# Meerforellen Rute für die Ostsee



## Hoebbe (27. Dezember 2020)

Moin moin Angler Gemeinde, 
Ich bin auf der Suche nach einer neuen Mefo Rute für die Ostsee. Angeln tue ich in den Gewichten von 16-28 g. Da mir das nötige Fachwissen fehlt, wollt ich hier mal nach einer Empfehlung fragen für eine Rute bis 100 Euro. 

Ich hab mich natürlich auch bereits informiert, was haltet ihr von diesen oder könnt ihr was anderes empfehlen? Ich würde mich sehr über Empfehlungen freuen.

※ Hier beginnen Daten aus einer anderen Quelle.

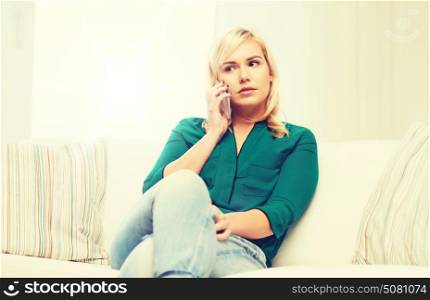 people, technology, communication and leisure concept - young woman calling on smartphone at home. young woman calling on smartphone at home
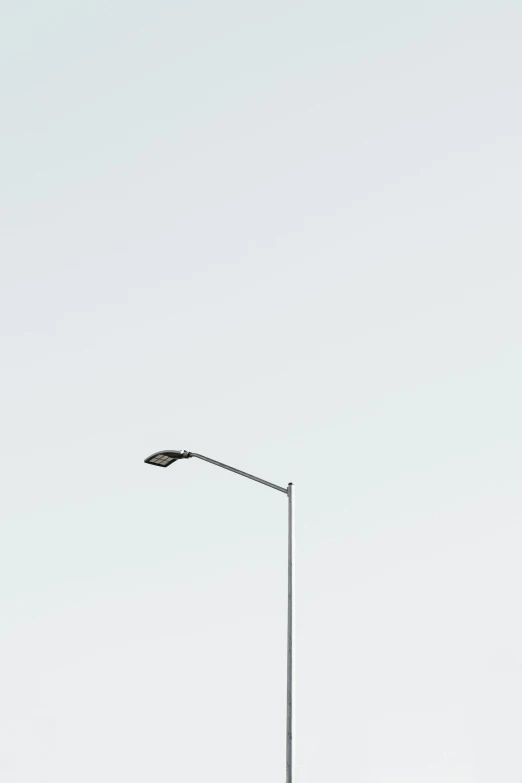 a traffic light sitting on the side of a road, by Holger Roed, postminimalism, square, streetlamp, minimal, cityscape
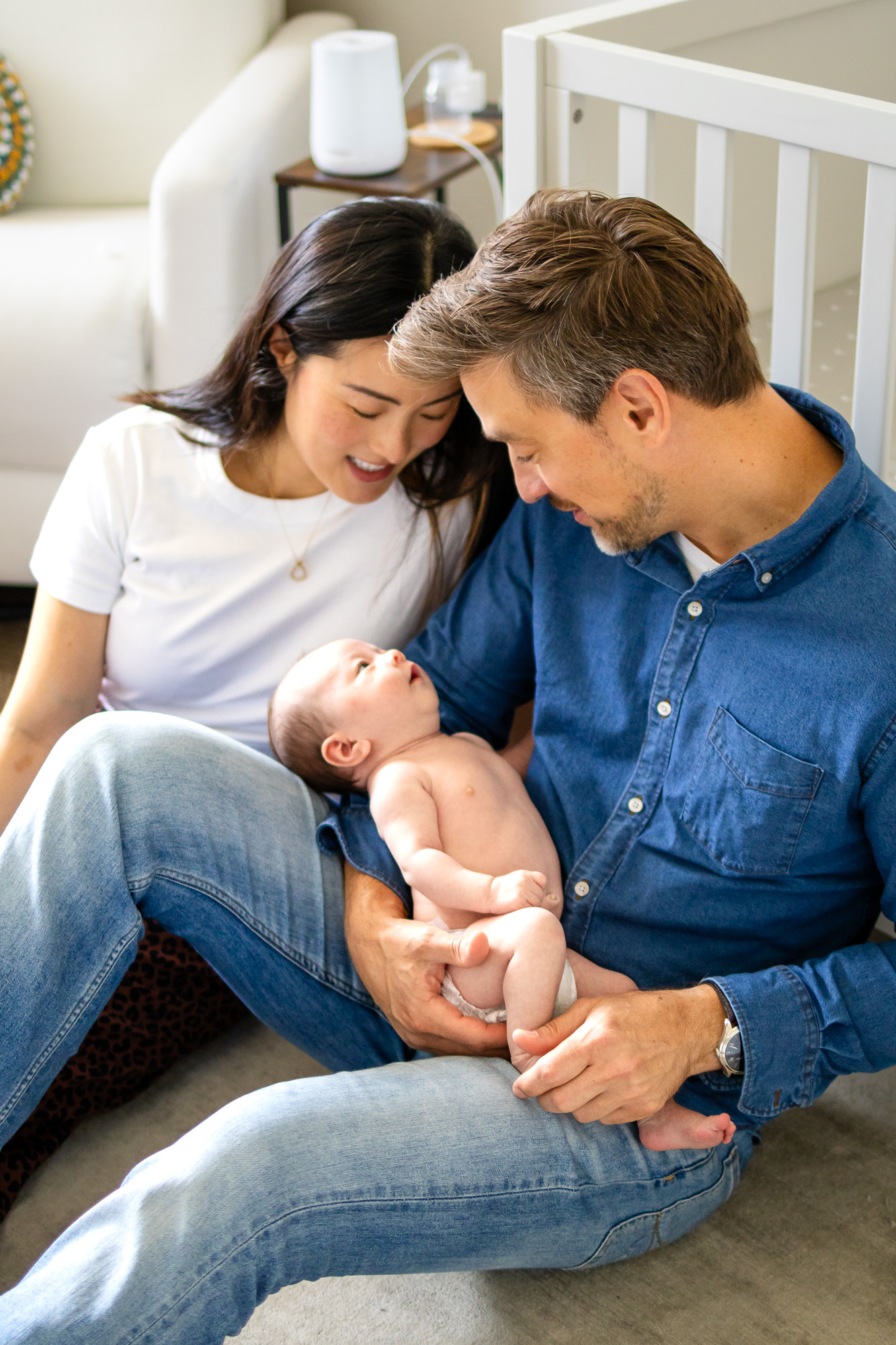 Parents sit close together holding their newborn near the crib during a peaceful in home newborn photography session.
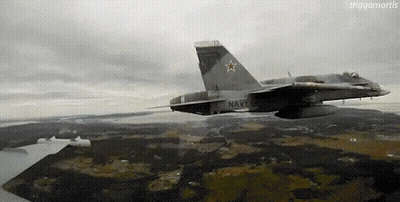 A Fighter Jet Is Flying Over A Landscape With A Large Star On The Tail . GIF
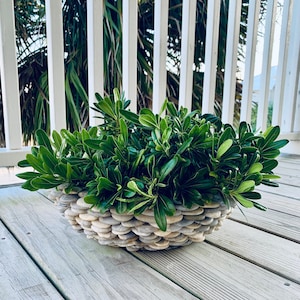 May include: A decorative planter filled with vibrant green foliage. The planter is constructed from small, smooth, gray stones, arranged in a layered pattern. The arrangement sits on a weathered wooden deck, with a white railing in the background.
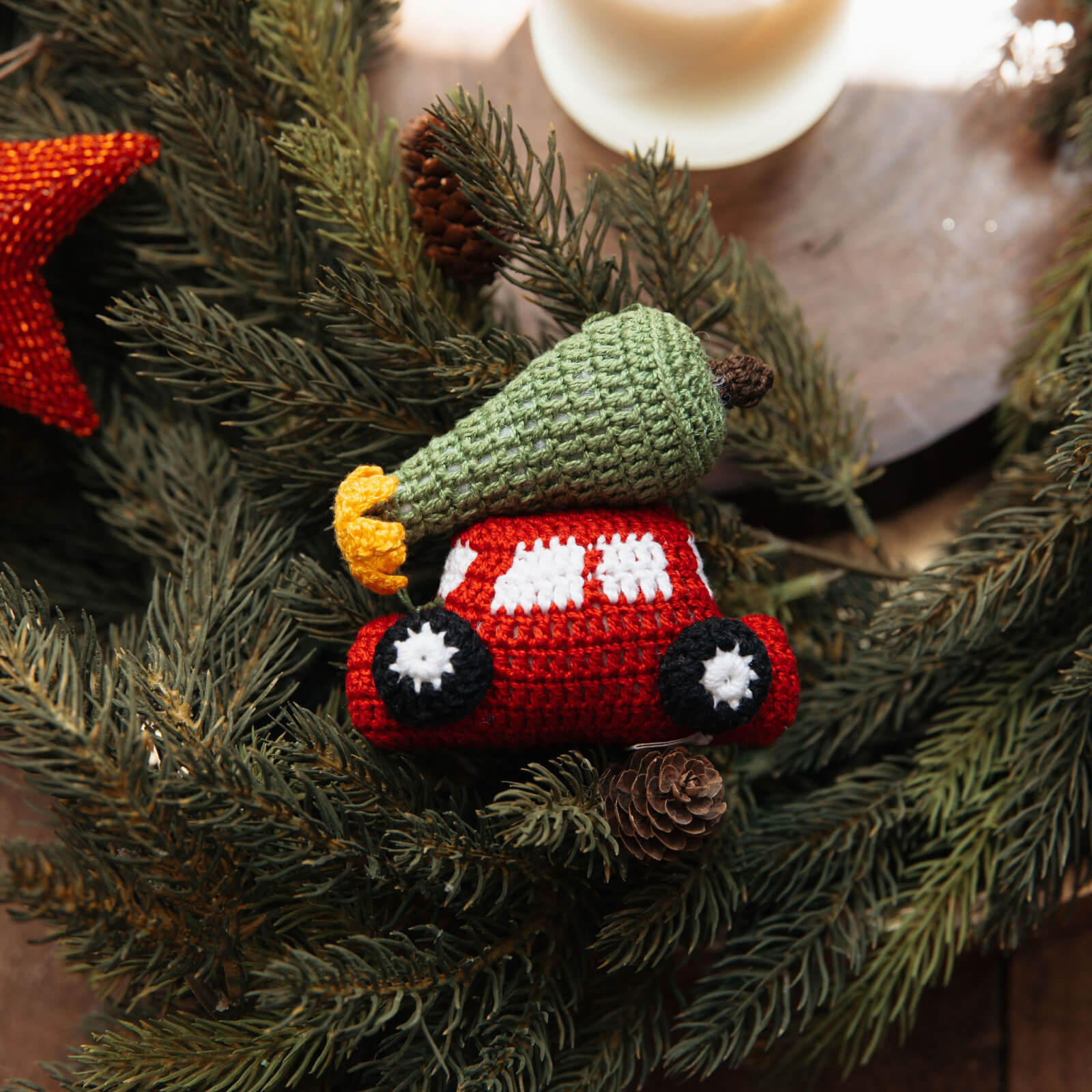 Crocheted red car ornament with a green tree on top, hanging on a Christmas wreath.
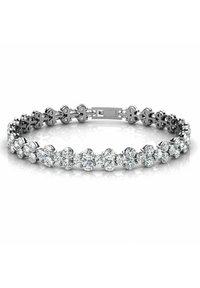 Bracelet en argent avec des pierres claires en forme ronde et florale alternées, doté d'un fermoir sécurisé et d'une finition lisse et polie.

Lars Hansen Seatrout 2 oder 3
Balzer Diabolo seatrout 
Jenzi thunder Spin 
Daiwa Seahunter X Sea Trout 
Balzer Edition IM-12 3.15m 6-32g


----------



## nawarthmal (27. Dezember 2020)

Bei den billigen Balzer-Ruten rosten die Ringe und bei der IM-12 hast Du zu wenig Reserve beim WG. Ich fische u.a. die Ballistic-X Seatrout von Daiwa. Schön straffer HVF-Blank, gute Ringe, um 80,- zu haben. Was nicht jedermanns Sache ist, ist der geteilte Griff und die Rolle darf gerne etwas schwerer sein, da das Griffende nicht besonders lang ist (für mich als kleinen Menschen wichtig, aber dadurch etwas kopflastig).


----------



## Hoebbe (27. Dezember 2020)

Hat man bei der daiwa guten Kontakt zu den Blinkern in meinem Bereich? Gut Probleme hab ich jetzt nicht bei diesem Griff hat meine Zander Peitsche auch. Hast du schon mal was von den Lars Hansen Ruten gehört?


----------



## scotch2907 (27. Dezember 2020)

Ich fische seit 2014 die Lars Hansen 1.
Bin damit nur im Salzwasser unterwegs zum Teil auch in Norwegen und muss sagen bis jetzt keine Ausfallerscheinungen.
Kein Rost an den Ringen oder dem Rollenhalter.
Der Köderkontakt ist super und auch leichte Köder lassen sich super werfen.
Wenn die 2 vom Händling genau so ist würde ich mir die holen, bei der 3 würde mich glaube ich stören das sie dreiteilig ist.


----------



## Soorp (27. Dezember 2020)

Moin, 

zum ausprobieren wird deine "Zander-Peitsche" sicherlich reichen.
Beim angeln auf Meerforelle ist das mit der Rute eine sehr sehr individuelle sache.
Aus meiner Erfahrung kann ich dir nur Raten, kauf erst eine Rute für die Küste wenn du genau weißt wie du fischen möchtest.
Jede der von dir genannten Ruten wird den köder ins Wasser befördern und Fische fangen.
Aber es hängt von dir ab welche Rutenaktion du haben möchtest und welche Rutenlänge und ob diese Zusammenstellung sich je nach Angelart auch noch ändert.
Ich könnte noch die
Shimano Technium Sea Trout​2,89 m mit 10-40 g

in den Ring werfen - ist zur Zeit im Angebot.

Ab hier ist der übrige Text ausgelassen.